Short text fragments from websites
Content starts
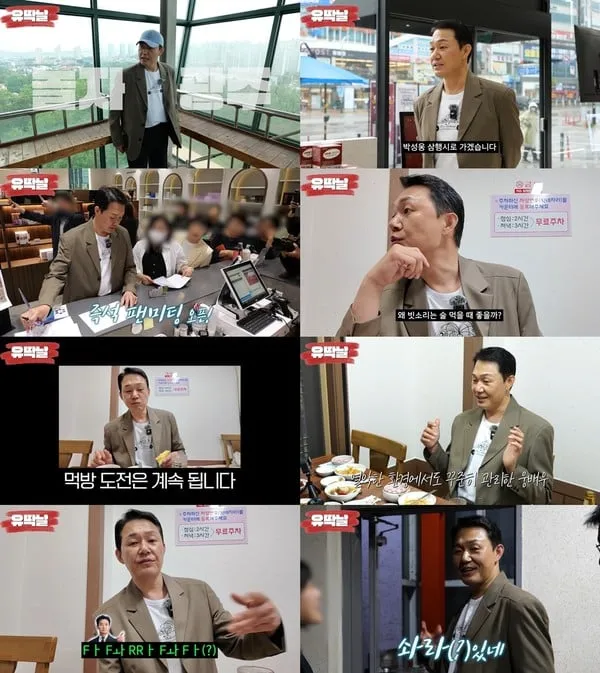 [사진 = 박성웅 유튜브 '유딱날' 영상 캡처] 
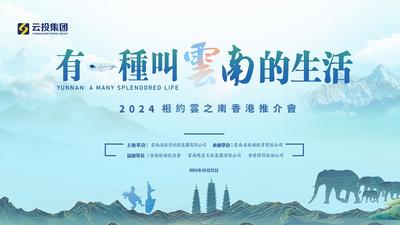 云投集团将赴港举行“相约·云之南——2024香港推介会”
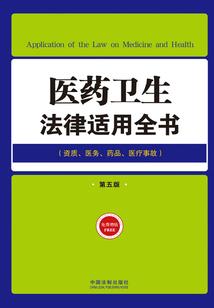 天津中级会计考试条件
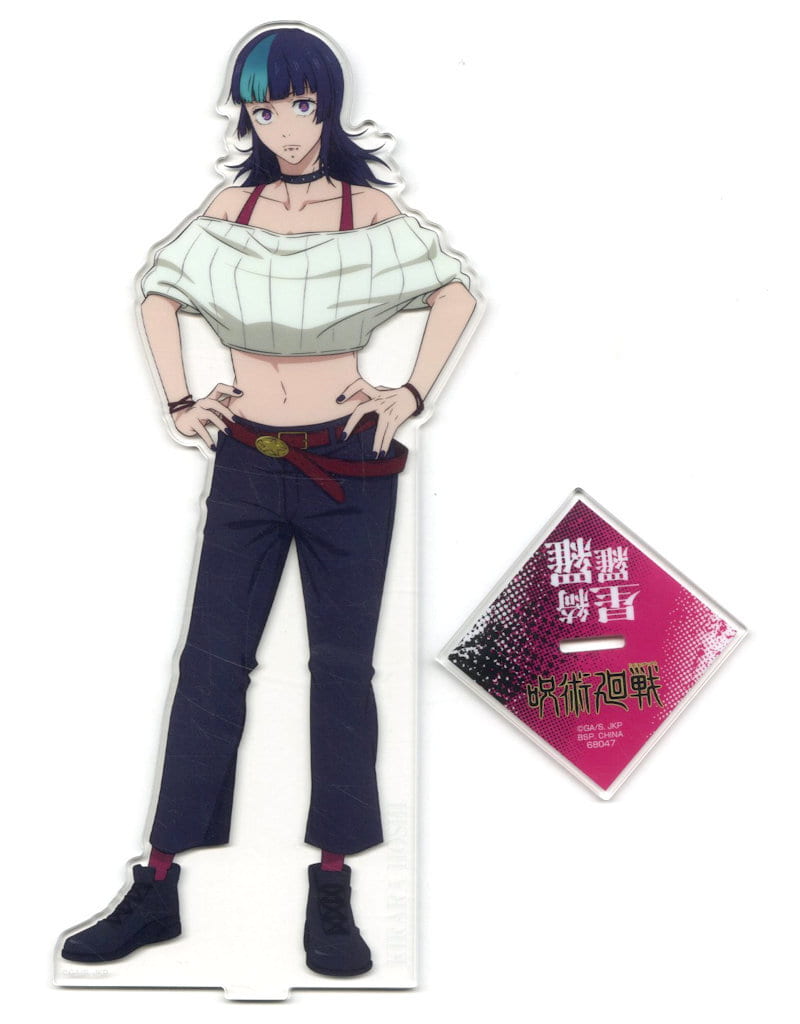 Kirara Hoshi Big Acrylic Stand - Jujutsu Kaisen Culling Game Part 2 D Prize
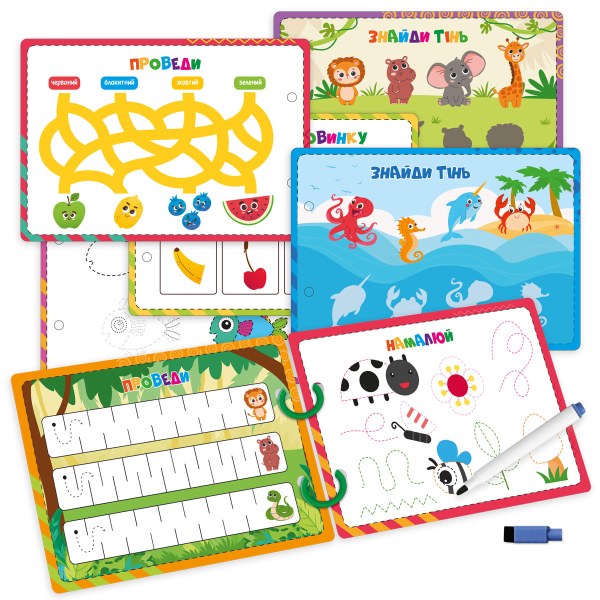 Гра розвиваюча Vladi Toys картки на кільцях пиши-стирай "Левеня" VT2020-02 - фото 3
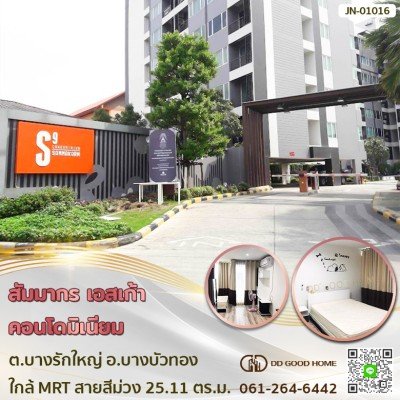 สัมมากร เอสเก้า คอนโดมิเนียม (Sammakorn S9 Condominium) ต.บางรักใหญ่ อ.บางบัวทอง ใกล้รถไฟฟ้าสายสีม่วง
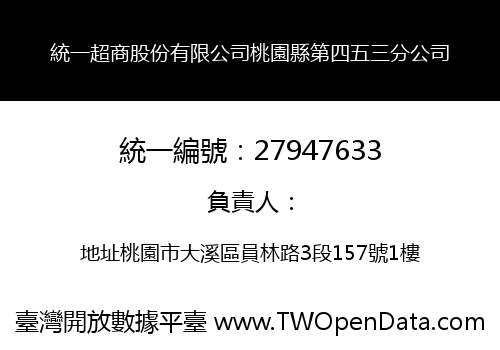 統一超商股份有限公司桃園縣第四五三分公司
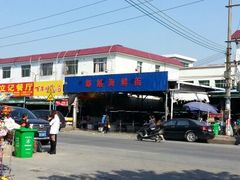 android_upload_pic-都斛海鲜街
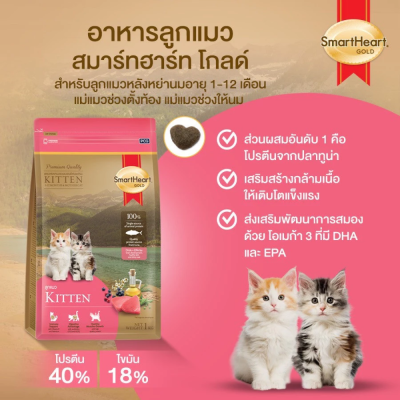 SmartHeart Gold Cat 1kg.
Content ends
Both the first line of the records above and the line containing "android_upload_pic-都斛海鲜街" belong in the copy; please return them and every line between, exactly, minus the pictures.

 [사진 = 박성웅 유튜브 '유딱날' 영상 캡처] 
 云投集团将赴港举行“相约·云之南——2024香港推介会”
 天津中级会计考试条件
 Kirara Hoshi Big Acrylic Stand - Jujutsu Kaisen Culling Game Part 2 D Prize
 Гра розвиваюча Vladi Toys картки на кільцях пиши-стирай "Левеня" VT2020-02 - фото 3
 สัมมากร เอสเก้า คอนโดมิเนียม (Sammakorn S9 Condominium) ต.บางรักใหญ่ อ.บางบัวทอง ใกล้รถไฟฟ้าสายสีม่วง
 統一超商股份有限公司桃園縣第四五三分公司
 android_upload_pic-都斛海鲜街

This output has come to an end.